We use wget for basic connection testing.

> 10. And yet, even though ftp.pl.debian.org is reachable over IPv6,
> mirror-chooser wasn't happy.  It turns out that the 'wget' binary
> provided by busybox is a crippled IPv4-only.

That should be a matter of enabling the relevant options in the busybox 
configuration.

A quick grep on the busybox config gives me:
CONFIG_FEATURE_IPV6 is not set
CONFIG_FEATURE_WGET_IP6_LITERAL=y

Looks like the first needs to be enabled...

> 11. It turned out the disk controller/mobo/something on the P1 box
> was somewhat flaky, causing intermittent faults.  If something bad
> happens during debootstrap, the d-i wrapper over it gives a dialog
> box with two choices: "Go back" and "Continue".  Too bad, whatever
> you choose, it proceeds with the latter -- yet, failing at the end
> even if you fix the error manually.

Handling of the two buttons can indeed be improved in some places. It's 
not always as easy as it sounds to define correct behavior though.

> 12. Why does it use debootstrap AT ALL?  This is something that could
> be much better done at d-i build time instead of the installation
> itself.  Unpacking a tarball takes seconds even on this bitty box.
> Debootstrap takes ages on modern hardware, too -- on the order of
> 5mins on my desktop when pulling debs from a proxy over a 350KB/s
> link.

Please tell us how to get a full tarball on a floppy or inside a netbooted 
initrd...

> 13. When booting, I get "Begin: Waiting for root file system... ..."
> and a >5min wait before getting dropped to a shell.  It then needs a
> "modprobe ide-disk".  Curiously, you need to wait several seconds
> before closing the shell or it will fail again -- this gives a good
> hint towards the cause.
> (This happens both on the 486 and the P1, with the same disk).

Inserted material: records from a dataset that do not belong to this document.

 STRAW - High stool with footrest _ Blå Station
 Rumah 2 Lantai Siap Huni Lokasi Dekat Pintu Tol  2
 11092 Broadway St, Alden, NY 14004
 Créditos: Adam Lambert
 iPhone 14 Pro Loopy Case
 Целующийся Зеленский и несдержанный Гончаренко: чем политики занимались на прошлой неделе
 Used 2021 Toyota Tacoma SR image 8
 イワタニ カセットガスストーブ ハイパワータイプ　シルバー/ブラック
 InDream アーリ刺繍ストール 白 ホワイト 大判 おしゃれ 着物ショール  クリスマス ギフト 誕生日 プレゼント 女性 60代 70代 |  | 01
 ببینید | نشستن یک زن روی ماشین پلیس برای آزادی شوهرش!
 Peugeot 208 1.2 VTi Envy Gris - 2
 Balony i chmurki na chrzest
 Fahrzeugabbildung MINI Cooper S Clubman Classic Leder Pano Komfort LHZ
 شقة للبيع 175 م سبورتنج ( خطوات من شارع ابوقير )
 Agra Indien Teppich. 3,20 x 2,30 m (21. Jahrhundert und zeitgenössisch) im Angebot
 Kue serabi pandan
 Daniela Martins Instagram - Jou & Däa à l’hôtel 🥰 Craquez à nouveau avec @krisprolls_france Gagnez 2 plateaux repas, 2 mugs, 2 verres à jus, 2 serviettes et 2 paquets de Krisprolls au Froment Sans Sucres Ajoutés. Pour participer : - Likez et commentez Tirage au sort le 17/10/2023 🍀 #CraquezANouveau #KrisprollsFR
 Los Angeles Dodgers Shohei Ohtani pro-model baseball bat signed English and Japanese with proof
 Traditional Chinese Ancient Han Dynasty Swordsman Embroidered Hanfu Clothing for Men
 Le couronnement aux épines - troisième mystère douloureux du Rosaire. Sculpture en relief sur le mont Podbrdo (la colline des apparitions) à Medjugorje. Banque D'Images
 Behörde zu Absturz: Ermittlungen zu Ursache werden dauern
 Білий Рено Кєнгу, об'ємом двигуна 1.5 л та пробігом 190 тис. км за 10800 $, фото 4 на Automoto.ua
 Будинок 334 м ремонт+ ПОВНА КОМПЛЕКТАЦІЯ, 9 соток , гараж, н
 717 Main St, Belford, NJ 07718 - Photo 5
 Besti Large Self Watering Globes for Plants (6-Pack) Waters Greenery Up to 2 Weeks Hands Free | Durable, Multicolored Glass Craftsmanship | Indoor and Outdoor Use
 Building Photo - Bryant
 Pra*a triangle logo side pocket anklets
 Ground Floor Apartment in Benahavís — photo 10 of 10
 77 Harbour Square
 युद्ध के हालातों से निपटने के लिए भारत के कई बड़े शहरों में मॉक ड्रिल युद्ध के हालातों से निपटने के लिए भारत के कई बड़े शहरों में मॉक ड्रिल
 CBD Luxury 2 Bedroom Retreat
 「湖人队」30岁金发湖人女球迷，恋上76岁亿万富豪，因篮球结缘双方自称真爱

Please make sure you have very latest udev and initramfs-tools installed. 
If it still happens then, please file a bug report against 
initramfs-tools.

> 14. On minimal systems, shouldn't the locale be C.UTF-8 instead of C?
> It's a matter of a 9KB deb (much bigger uncompressed).  Having both
> 8bit and UTF-8 locales on a single box -- hell, even on the same
> network/company -- is nothing but loudly asking for data loss.

No comment.

> 15. Once the installation finished, the keyboard mapping got screwed
> on the next boot with regards to Caps Lock:
> aBcDeFGHIJKlMnoPQRsTUVWxYz
> (especially funny considering that I used a cluster of uppercase
> letters as a part of my password)

No comment.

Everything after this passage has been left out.